Exercise:
Write out only the lines from the line that holds "Vintage 1933 Solid" to the end of the listing below, inclusive, with the pictures omitted.

□ □ □ □

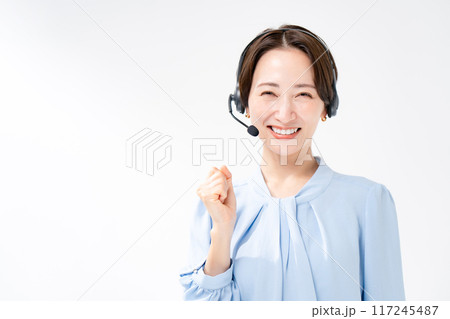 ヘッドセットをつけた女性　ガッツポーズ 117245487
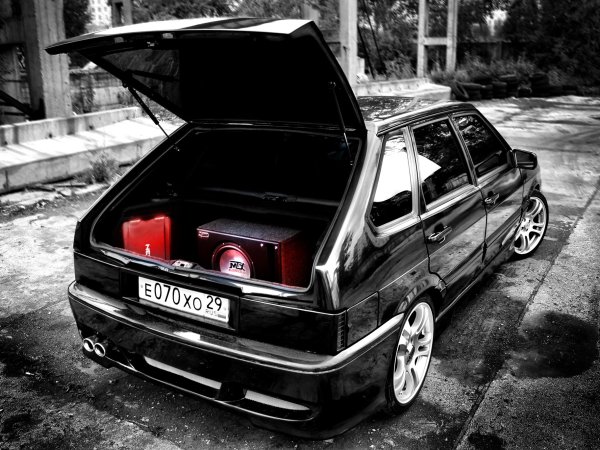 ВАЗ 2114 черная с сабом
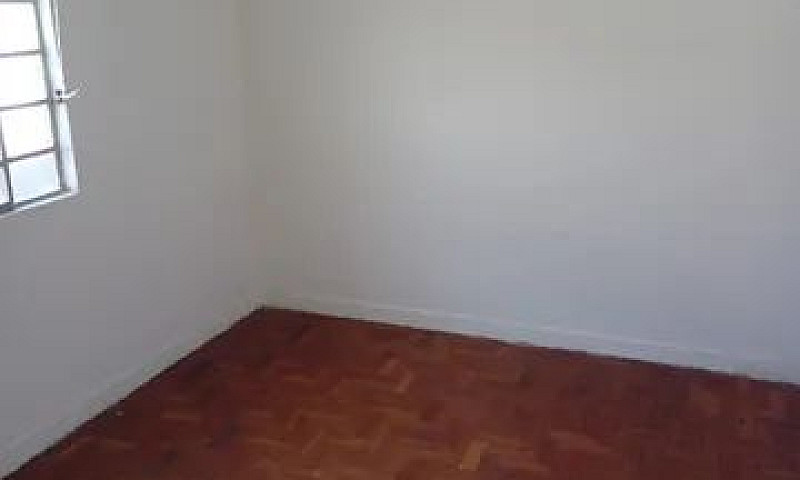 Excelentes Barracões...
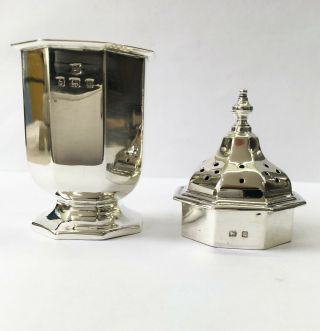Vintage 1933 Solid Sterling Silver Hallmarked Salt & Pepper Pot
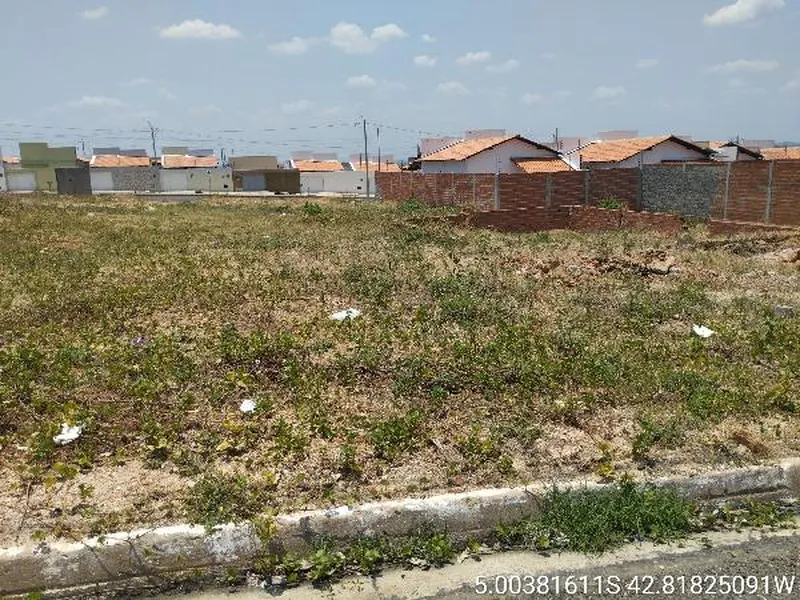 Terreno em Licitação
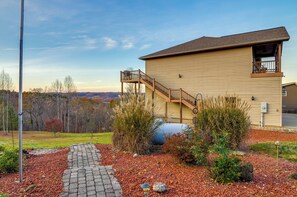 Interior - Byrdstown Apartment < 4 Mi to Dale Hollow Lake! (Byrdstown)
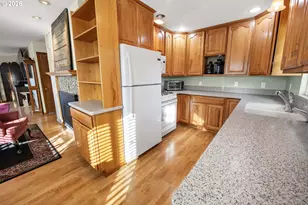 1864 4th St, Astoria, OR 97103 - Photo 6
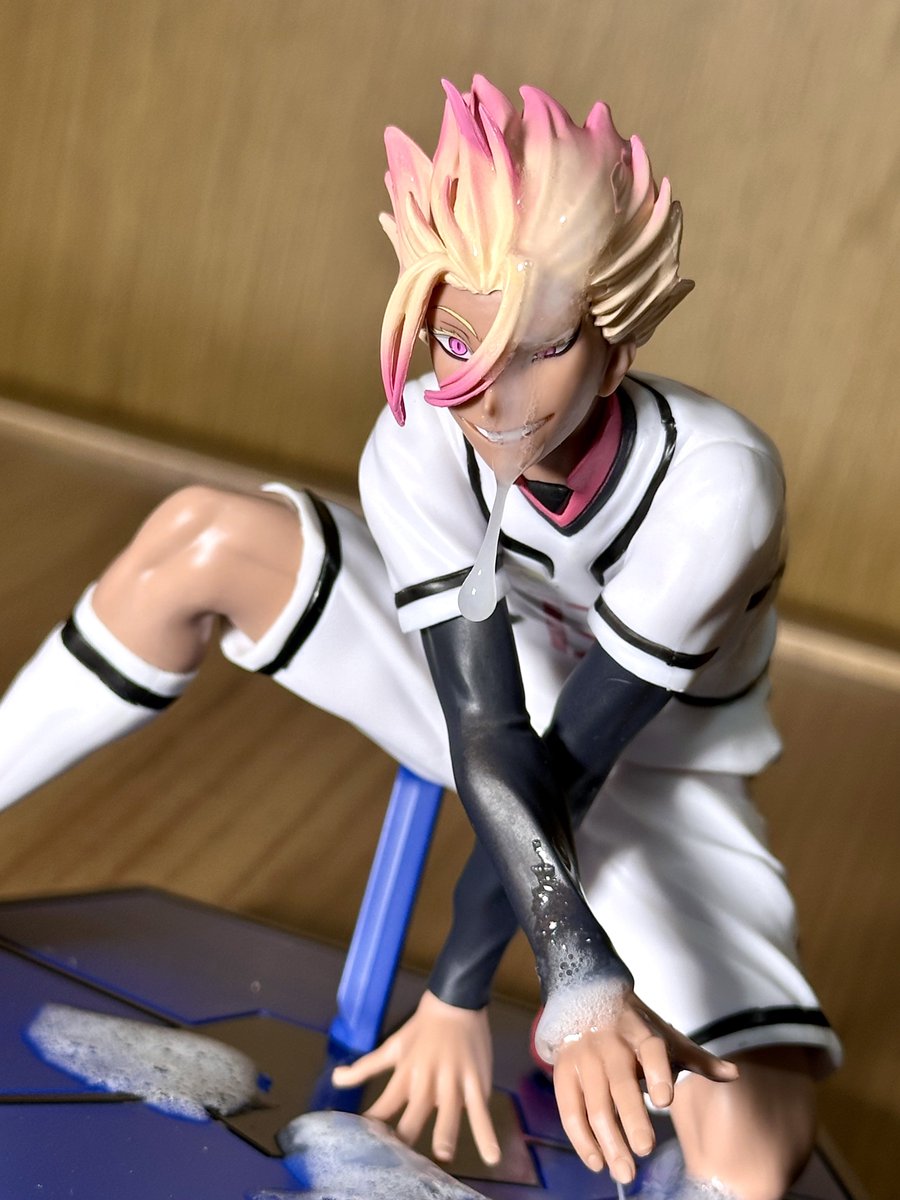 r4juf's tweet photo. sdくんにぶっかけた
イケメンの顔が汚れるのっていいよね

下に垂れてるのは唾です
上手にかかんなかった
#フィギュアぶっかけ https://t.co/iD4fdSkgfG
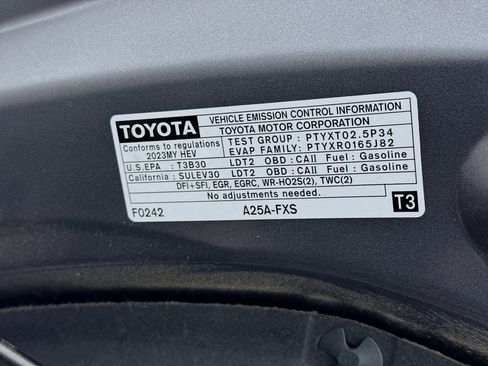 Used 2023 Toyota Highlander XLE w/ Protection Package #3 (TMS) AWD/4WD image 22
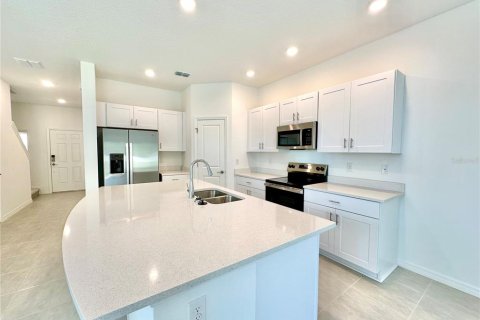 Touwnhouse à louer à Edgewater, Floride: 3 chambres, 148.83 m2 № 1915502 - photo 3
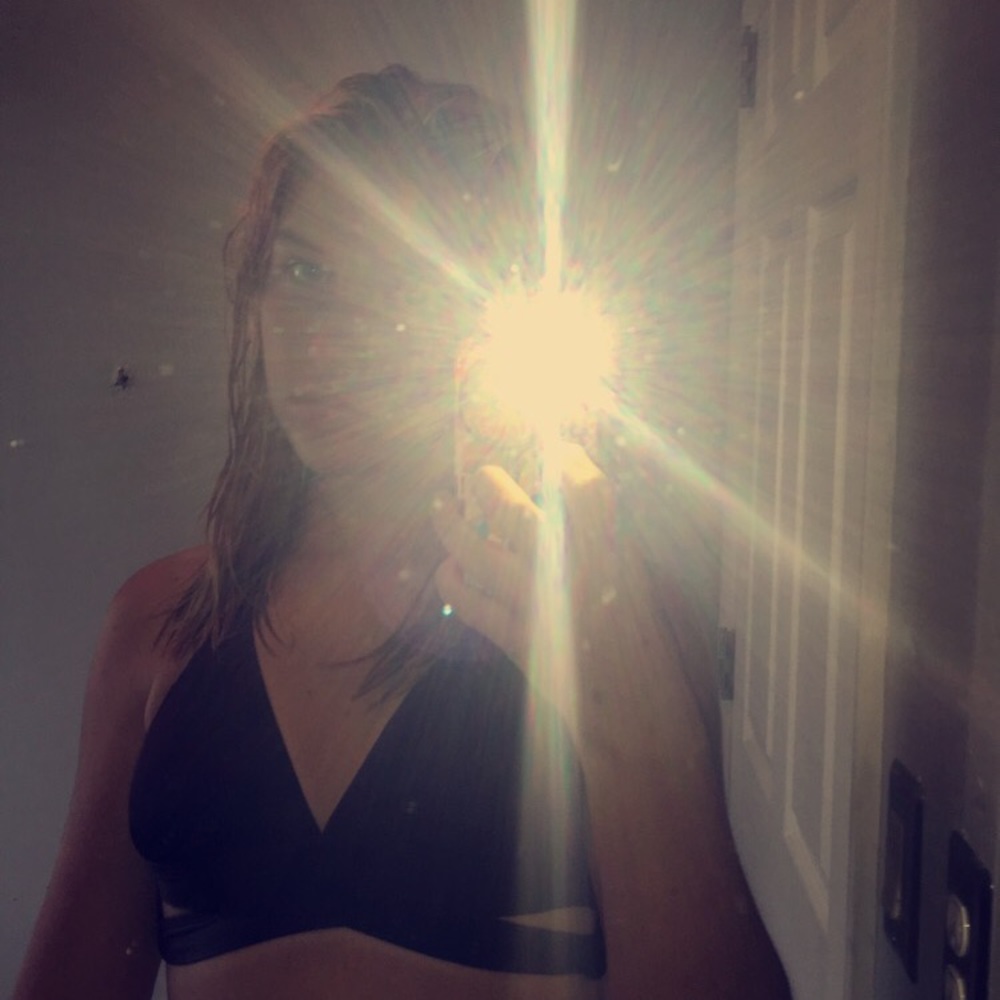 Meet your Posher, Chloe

□ □ □ □

Output:
Vintage 1933 Solid Sterling Silver Hallmarked Salt & Pepper Pot
 Terreno em Licitação
 Interior - Byrdstown Apartment < 4 Mi to Dale Hollow Lake! (Byrdstown)
 1864 4th St, Astoria, OR 97103 - Photo 6
 r4juf's tweet photo. sdくんにぶっかけた
イケメンの顔が汚れるのっていいよね

下に垂れてるのは唾です
上手にかかんなかった
#フィギュアぶっかけ https://t.co/iD4fdSkgfG
 Used 2023 Toyota Highlander XLE w/ Protection Package #3 (TMS) AWD/4WD image 22
 Touwnhouse à louer à Edgewater, Floride: 3 chambres, 148.83 m2 № 1915502 - photo 3
 Meet your Posher, Chloe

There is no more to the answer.